§ Your task: Leave out all pictures and retype exactly the lines from the one with "Thắng Cabo Verde, HLV" through the last line of the material.

[[ Material shown, beginning ]]

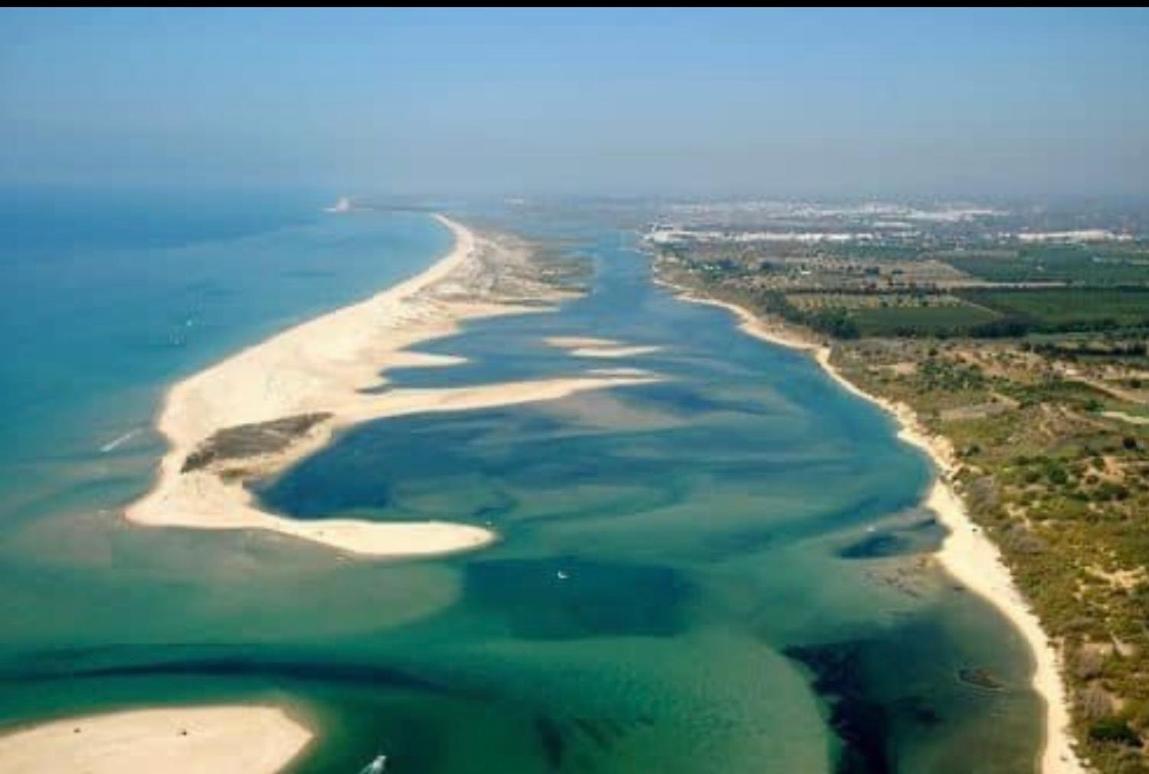 Apartamento Cabana Ria Formosa Cabanas De Tavira Luaran gambar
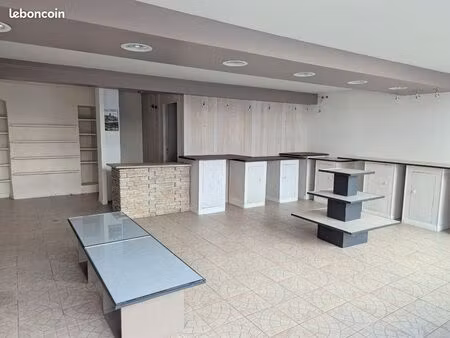 local commercial centre village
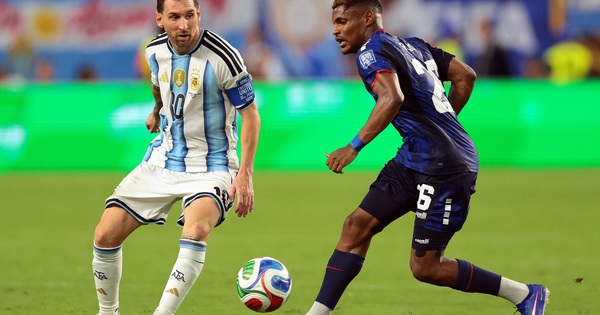 Thắng Cabo Verde, HLV Scaloni vẫn than: ‘Argentina bị vắt kiệt sức, nhiều cầu thủ còn chuột rút’ - hình ảnh - nohu90bet.vip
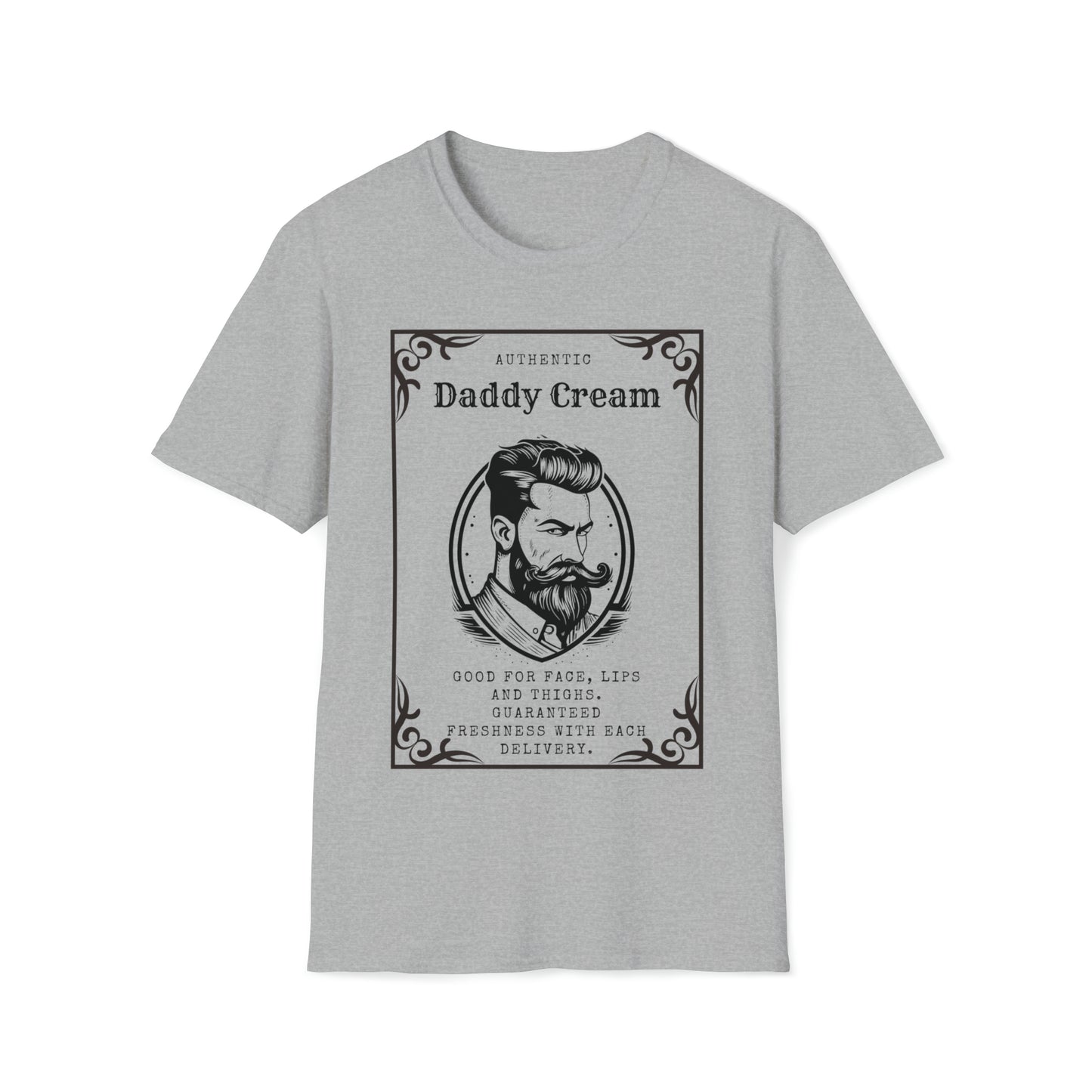 Daddy Cream T-Shirt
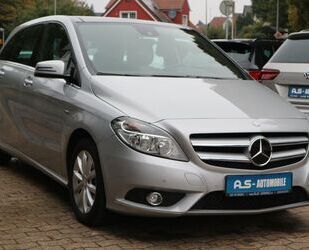 Mercedes-Benz B 180 Gebrauchtwagen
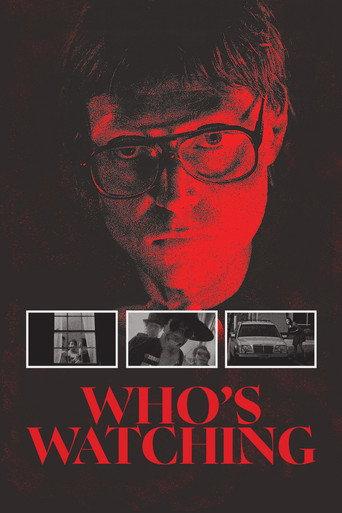 Who's Watching (2024) poster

[[ Material shown, end ]]

§ Task response:
 Thắng Cabo Verde, HLV Scaloni vẫn than: ‘Argentina bị vắt kiệt sức, nhiều cầu thủ còn chuột rút’ - hình ảnh - nohu90bet.vip
 Daddy Cream T-Shirt
 Mercedes-Benz B 180 Gebrauchtwagen
 Who's Watching (2024) poster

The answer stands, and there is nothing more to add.